Am Beispiel Samuel Becketts, dessen Schreibhemmungen legendär sind, formt Wieczorek spiegelbildlich die Person eines Essayisten, der sich in Ussy-sur-Marne, dem Ort, in dem Beckett sich gerne schreibend aufhielt, für einige Monate niederlässt, um über ihn zu schreiben. Der Geist des Orts soll ihm Beflügelung und Vertiefung sein. Parallelen zum Objekt seines Schreibens entstehen insofern, als Beckett selbst sich gestört fühlte vom Bau einer Jagdhütte in seiner Umgebung; den Essayisten befallen Schreibblockaden, als er im nachbarlichen Spanischen Haus einen Tubisten üben hört. Hier korrelieren die optische Störung bei Beckett und die akustische des Essayisten in ihrem Einfluss auf die Entstehung eines schriftstellerischen Werks.
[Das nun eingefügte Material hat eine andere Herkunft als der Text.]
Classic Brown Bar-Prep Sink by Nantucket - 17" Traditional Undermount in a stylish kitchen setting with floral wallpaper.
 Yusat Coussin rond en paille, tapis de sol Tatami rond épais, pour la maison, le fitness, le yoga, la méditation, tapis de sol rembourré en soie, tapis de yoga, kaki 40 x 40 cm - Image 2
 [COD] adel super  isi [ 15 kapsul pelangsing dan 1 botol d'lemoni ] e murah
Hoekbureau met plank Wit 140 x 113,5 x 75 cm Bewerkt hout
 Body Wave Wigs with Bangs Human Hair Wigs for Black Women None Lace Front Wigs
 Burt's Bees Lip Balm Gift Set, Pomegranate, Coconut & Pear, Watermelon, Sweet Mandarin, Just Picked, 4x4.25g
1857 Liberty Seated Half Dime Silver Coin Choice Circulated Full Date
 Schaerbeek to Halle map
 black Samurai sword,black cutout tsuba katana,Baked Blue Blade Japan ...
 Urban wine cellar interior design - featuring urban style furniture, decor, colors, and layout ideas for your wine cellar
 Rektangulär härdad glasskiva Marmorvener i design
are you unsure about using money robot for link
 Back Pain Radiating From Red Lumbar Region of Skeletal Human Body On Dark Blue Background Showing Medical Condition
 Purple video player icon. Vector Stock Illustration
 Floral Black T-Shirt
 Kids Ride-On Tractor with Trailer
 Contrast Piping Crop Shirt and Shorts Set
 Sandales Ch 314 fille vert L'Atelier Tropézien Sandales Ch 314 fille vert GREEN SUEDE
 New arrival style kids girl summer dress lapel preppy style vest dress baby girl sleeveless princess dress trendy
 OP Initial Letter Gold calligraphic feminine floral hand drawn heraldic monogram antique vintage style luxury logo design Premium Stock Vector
Aus dieser Ausgangslage entfalten sich reichhaltige gedankliche Beziehungen über den Prozess des Schöpferischen, über die Musik, über des Essayisten Verhältnis zum Cello spielenden Vater, im weitesten Sinne über alle Einflüsse, die das Schöpferische beeinflussen, blockieren können.
Spannend, faszinierend zu lesen, wie Rainer Wieczorek Verknüpfungen herstellt aus der Jetzt-Zeit zur Vergangenheit, jener Becketts und jener des Essayisten, im Nachdenken über Kunst, über Glück, über Schweigen, über Musiker. Kluge Gedanken.
Getrübt wird das Lesevergnügen nur durch den Blick auf den Einband: Die Tuba-Novelle ziert ein Trompetenmundstück. Unverzeihlich.